TASK PROMPT:
Once the pictures have been excluded, set down each remaining entry word for word.

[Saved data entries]
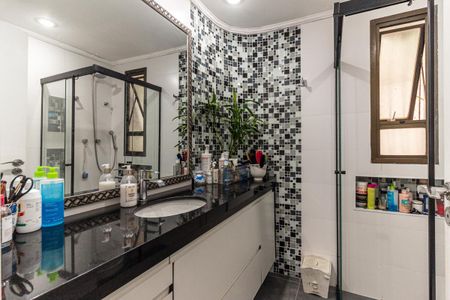 Apartamento à venda com 210m², 4 quartos e 3 vagasBanheiro da Suíte 2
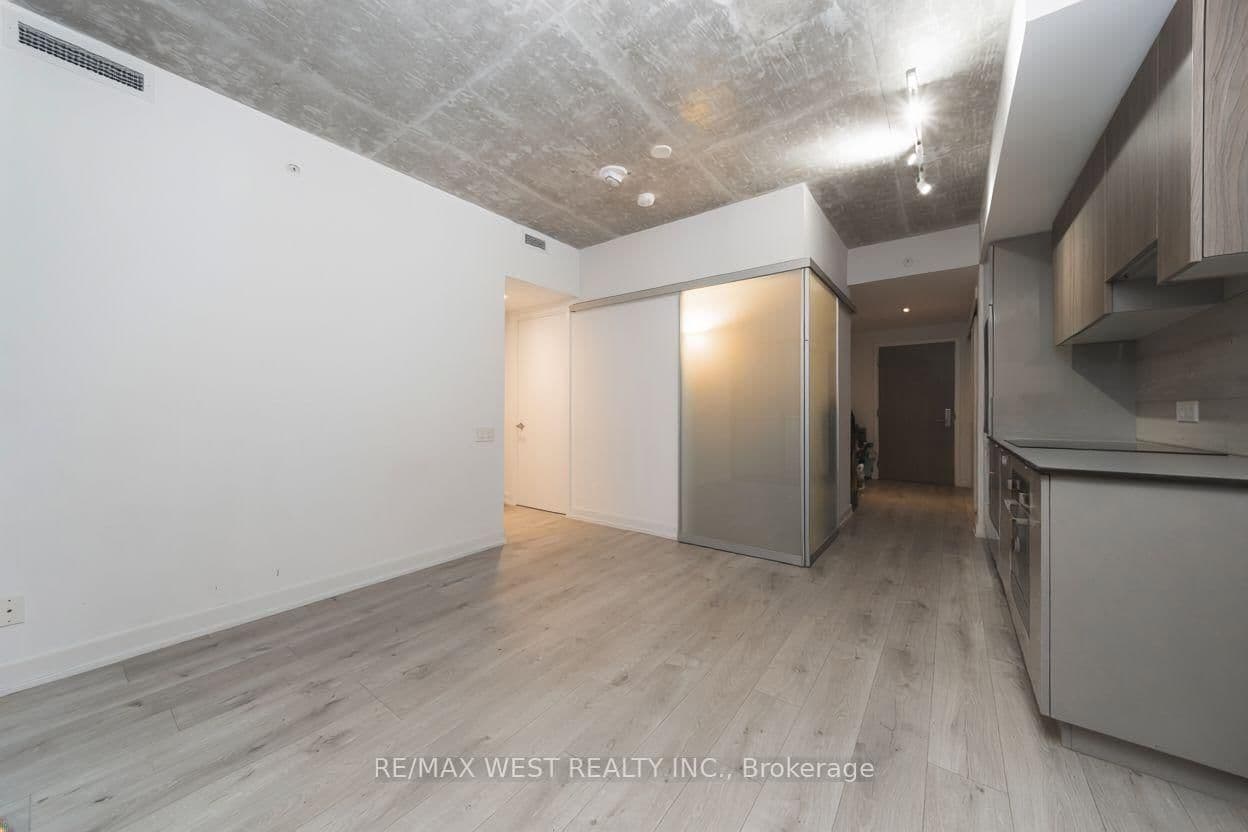 161 Roehampton Avenue, Unit 331 thumbnail 6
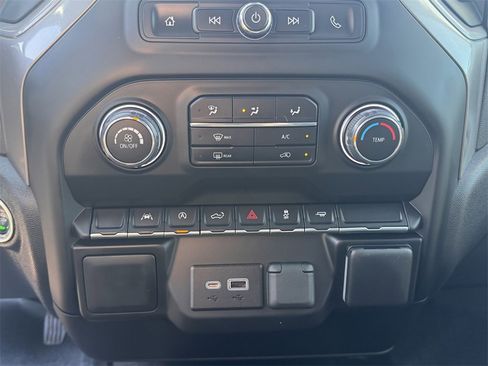Used 2023 Chevrolet Silverado 1500 Custom image 21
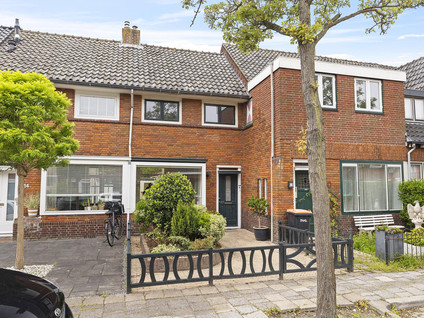 Van Leeuwenhoekstraat 12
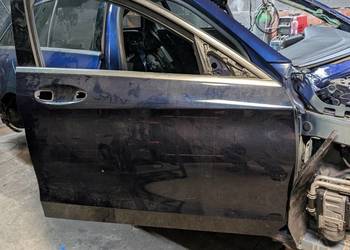 Mercedes w205 drzwi prawe przednie 890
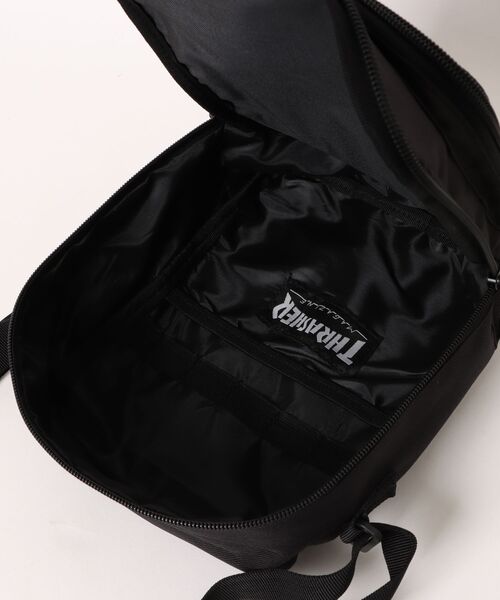 THRASHER(スラッシャー)の「THRASHER VERTICAL MINI SHOULDER BAG(ショルダーバッグ・メンズ・ブラック系その他2/ブラック系その他・FREE)」の5枚目の写真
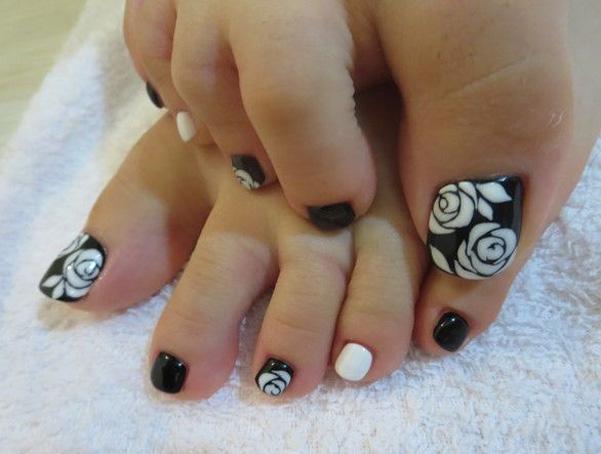 50 Pretty Toenail Art Designs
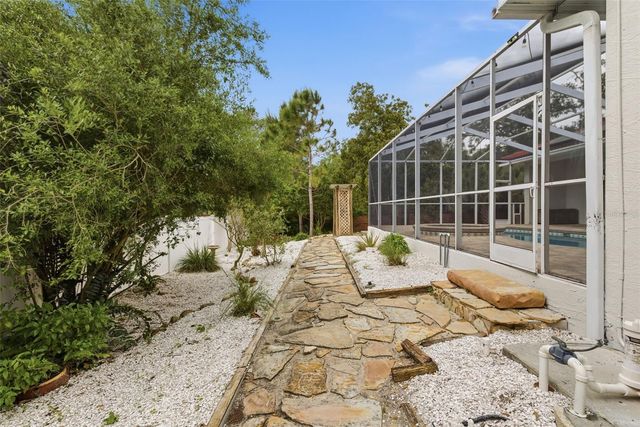 606 TOMOKA DRIVE, Palm Harbor, FL 34683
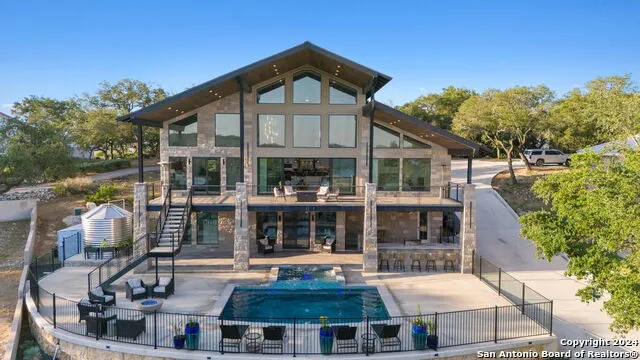 757 County Road 262 Mico, TX 78056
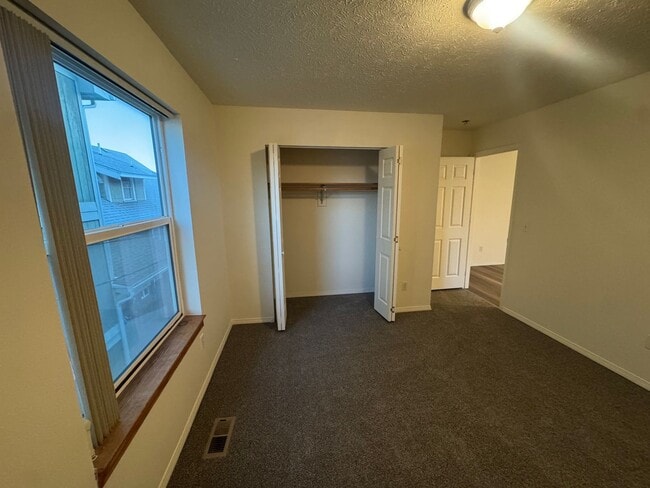 Building Photo - 807 E Mission Ave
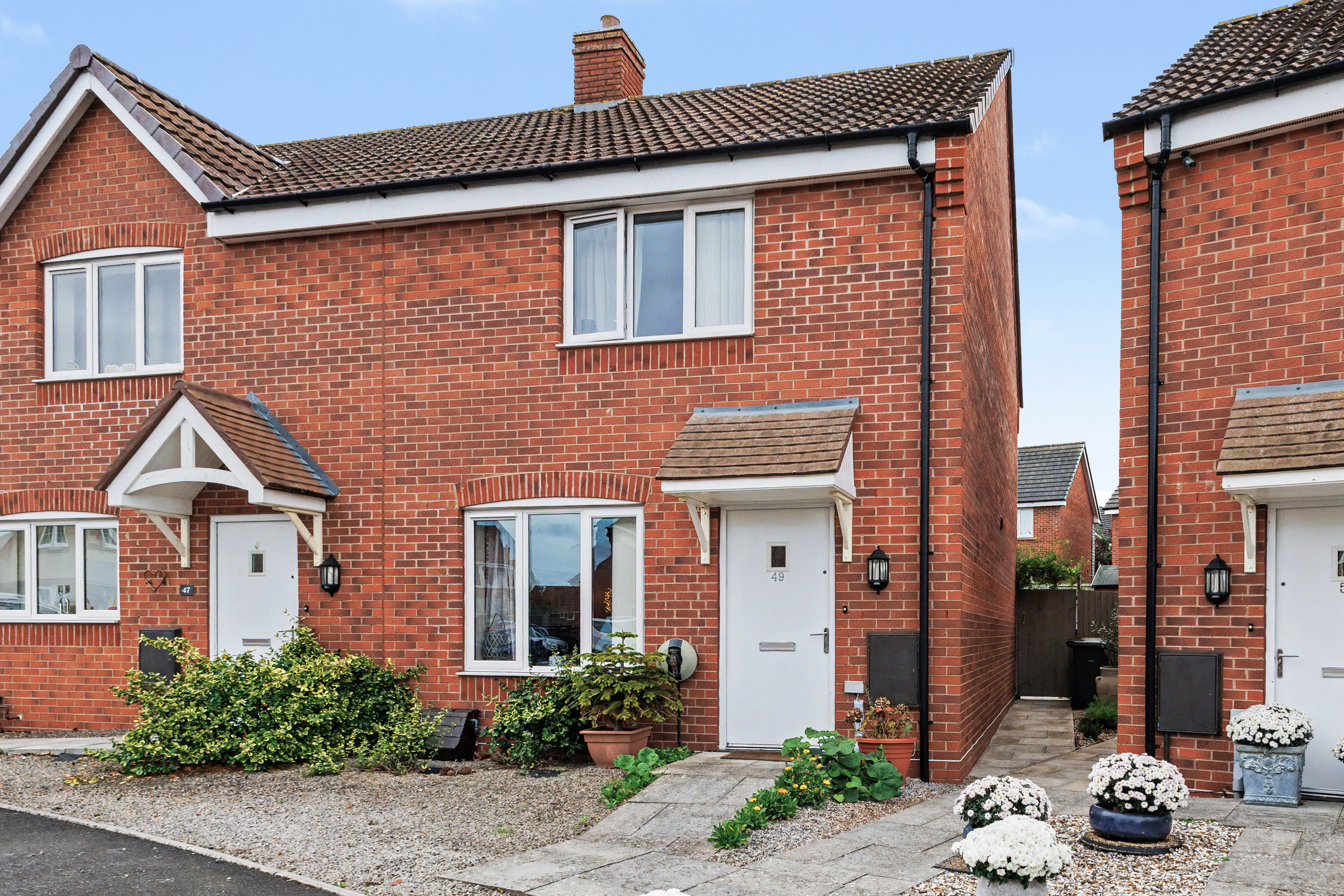 2 bedroom semi detached house for sale, Crump Way, Evesham, WR11, photo 1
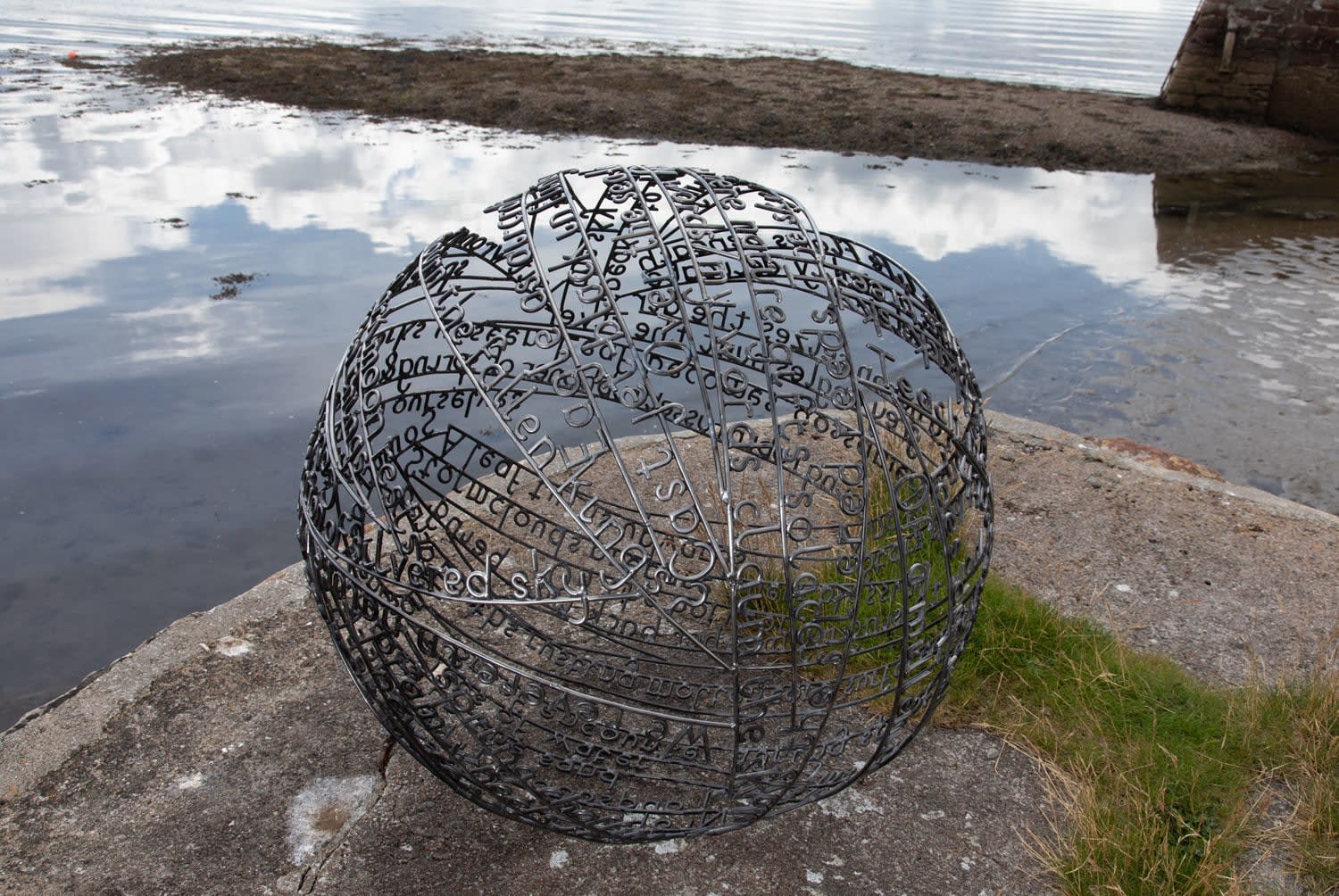 Helen Denerley, Haiku sphere, 2023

ANSWER SECTION:
 Apartamento à venda com 210m², 4 quartos e 3 vagasBanheiro da Suíte 2
 161 Roehampton Avenue, Unit 331 thumbnail 6
Used 2023 Chevrolet Silverado 1500 Custom image 21
 Van Leeuwenhoekstraat 12
 Mercedes w205 drzwi prawe przednie 890
 THRASHER(スラッシャー)の「THRASHER VERTICAL MINI SHOULDER BAG(ショルダーバッグ・メンズ・ブラック系その他2/ブラック系その他・FREE)」の5枚目の写真
 50 Pretty Toenail Art Designs
 606 TOMOKA DRIVE, Palm Harbor, FL 34683
 757 County Road 262 Mico, TX 78056
 Building Photo - 807 E Mission Ave
 2 bedroom semi detached house for sale, Crump Way, Evesham, WR11, photo 1
 Helen Denerley, Haiku sphere, 2023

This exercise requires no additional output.